The number of Hungarian casualties in the First World War reached 600 thousand, not counting the injured. Some dozens from the elite of the Habsburg Empire were killed in October 1918, but the forces of order of the new bourgeois government murdered several hundred people, particularly in villages. The Romanian occupying forces were responsible for the death of another few hundred. The number of those killed for political reasons during the Council Republic was about 100 to 200 persons; they were the victims of red terror. The number of those executed by Miklós Horthy and his followers – who proudly labelled themselves’counter-revolutionary’ – was much higher. Thousands were imprisoned or sent to detention camps, and thousands emigrated for political reasons.10
Miklós Horthy was elected Governor of Hungary on 1 March 1920, and the entente powers also recognised him as the legitimate head of government. It was the Horthy regime that signed the peace treaty, as a result of which several parts of Hungary with a majority Hungarian population were transferred to the neighbouring countries. The Hungarian right-wing ‘national mythology’ has always blamed the revolutionary governments of 1918-1919 for the loss of territories, ignoring that the secession of non- Hungarian ethnic groups from the Kingdom of Hungary was an inevitable process inherent in the establishment of nation-states.
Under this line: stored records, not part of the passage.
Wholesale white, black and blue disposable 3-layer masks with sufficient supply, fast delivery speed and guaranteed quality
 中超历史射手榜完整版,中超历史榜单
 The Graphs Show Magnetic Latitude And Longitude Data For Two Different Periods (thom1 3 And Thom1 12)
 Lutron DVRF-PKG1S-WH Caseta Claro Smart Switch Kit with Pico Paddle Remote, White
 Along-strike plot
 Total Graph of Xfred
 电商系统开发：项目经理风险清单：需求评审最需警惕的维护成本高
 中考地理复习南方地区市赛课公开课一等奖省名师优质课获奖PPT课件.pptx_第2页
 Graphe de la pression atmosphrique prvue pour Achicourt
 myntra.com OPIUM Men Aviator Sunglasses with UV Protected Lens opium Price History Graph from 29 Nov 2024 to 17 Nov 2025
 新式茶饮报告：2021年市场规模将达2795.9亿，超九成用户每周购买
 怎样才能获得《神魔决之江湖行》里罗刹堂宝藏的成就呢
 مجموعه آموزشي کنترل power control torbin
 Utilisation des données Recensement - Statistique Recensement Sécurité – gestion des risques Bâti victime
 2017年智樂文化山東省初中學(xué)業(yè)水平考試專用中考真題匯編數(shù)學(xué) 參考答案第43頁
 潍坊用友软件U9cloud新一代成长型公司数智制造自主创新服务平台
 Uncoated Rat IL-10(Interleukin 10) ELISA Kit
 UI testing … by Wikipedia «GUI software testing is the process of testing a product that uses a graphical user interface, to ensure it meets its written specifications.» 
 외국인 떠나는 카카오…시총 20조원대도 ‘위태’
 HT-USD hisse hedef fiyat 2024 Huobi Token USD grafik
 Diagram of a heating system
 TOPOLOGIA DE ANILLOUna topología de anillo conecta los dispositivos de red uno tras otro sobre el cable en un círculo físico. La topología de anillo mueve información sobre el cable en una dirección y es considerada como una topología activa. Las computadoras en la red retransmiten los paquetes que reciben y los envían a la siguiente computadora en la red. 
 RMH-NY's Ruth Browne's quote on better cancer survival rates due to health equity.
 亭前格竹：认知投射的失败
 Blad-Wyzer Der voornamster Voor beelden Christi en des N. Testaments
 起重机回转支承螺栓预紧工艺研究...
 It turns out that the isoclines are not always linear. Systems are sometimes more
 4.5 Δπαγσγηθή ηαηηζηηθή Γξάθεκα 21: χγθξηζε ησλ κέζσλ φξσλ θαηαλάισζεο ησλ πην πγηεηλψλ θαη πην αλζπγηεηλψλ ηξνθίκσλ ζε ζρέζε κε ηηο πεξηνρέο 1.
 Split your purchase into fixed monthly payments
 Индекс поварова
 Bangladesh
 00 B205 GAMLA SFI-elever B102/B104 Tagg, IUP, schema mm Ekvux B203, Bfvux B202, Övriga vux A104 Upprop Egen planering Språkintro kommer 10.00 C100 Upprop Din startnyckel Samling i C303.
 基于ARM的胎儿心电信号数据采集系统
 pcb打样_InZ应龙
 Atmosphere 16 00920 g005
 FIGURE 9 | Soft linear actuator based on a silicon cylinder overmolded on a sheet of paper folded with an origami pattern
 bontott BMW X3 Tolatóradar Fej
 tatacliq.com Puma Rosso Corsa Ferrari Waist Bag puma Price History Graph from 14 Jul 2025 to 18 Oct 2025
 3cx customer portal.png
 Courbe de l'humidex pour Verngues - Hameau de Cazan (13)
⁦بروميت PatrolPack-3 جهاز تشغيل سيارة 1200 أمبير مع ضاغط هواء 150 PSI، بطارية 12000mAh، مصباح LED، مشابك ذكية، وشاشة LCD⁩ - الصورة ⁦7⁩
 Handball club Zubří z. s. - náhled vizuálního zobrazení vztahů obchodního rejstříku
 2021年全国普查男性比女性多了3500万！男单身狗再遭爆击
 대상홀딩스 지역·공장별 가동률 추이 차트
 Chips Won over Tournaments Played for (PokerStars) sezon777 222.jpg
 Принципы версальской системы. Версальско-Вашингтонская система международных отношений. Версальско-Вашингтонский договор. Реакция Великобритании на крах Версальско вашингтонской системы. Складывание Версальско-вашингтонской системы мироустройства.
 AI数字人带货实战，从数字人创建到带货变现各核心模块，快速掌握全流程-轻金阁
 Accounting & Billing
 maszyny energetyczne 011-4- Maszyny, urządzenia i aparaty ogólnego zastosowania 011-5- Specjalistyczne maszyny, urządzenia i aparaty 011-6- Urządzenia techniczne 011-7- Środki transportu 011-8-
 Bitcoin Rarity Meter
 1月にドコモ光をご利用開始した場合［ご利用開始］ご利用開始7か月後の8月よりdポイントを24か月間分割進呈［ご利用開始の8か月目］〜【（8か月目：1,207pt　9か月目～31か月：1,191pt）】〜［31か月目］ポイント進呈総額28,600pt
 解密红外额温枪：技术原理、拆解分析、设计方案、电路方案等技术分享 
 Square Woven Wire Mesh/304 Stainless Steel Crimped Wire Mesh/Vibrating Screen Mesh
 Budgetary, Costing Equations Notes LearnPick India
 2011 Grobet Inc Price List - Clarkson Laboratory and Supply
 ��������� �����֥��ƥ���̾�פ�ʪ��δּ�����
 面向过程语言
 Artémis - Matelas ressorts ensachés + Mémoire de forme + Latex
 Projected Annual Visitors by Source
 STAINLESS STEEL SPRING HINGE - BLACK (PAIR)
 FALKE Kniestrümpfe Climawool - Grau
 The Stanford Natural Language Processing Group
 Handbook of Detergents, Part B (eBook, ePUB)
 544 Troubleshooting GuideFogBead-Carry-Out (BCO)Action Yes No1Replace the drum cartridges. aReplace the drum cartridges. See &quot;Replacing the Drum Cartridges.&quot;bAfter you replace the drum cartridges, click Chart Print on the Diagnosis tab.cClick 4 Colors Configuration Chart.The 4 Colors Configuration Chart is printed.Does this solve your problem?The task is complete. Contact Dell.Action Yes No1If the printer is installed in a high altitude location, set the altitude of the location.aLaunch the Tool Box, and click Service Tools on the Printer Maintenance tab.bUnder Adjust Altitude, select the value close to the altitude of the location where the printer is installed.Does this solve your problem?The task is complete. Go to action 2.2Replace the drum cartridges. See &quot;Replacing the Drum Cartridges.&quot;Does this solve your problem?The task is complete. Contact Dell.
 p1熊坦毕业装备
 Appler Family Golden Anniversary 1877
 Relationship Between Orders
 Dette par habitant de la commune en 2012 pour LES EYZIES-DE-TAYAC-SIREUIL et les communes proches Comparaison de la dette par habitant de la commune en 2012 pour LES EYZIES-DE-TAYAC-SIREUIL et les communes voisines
The 1918-1919 Revolution has never occupied the place it deserves in Hungarian historical memory. The anti-Communist and anti-Semitic authoritarian regime of the interwar period based its legitimacy on the repression of the 1918-1919 Revolution. When Hungary became a part of the Soviet bloc after 1945, the Council Republic was largely ignored because many of its leaders had fallen victim to the Stalinist terror in the Soviet Union. After 1956, under the government led by János Kádár, a distorted picture was projected of this historical period. Although the regime considered its predecessor to be ‘the Council Republic led by Communists’, it wanted to conceal its real revolutionary substance. Historical perception rapidly shifted to the right after 1990, and the official views soon revived the attitude of the interwar Horthy-government towards the Revolution. This attitude has remained dominant up to the present day.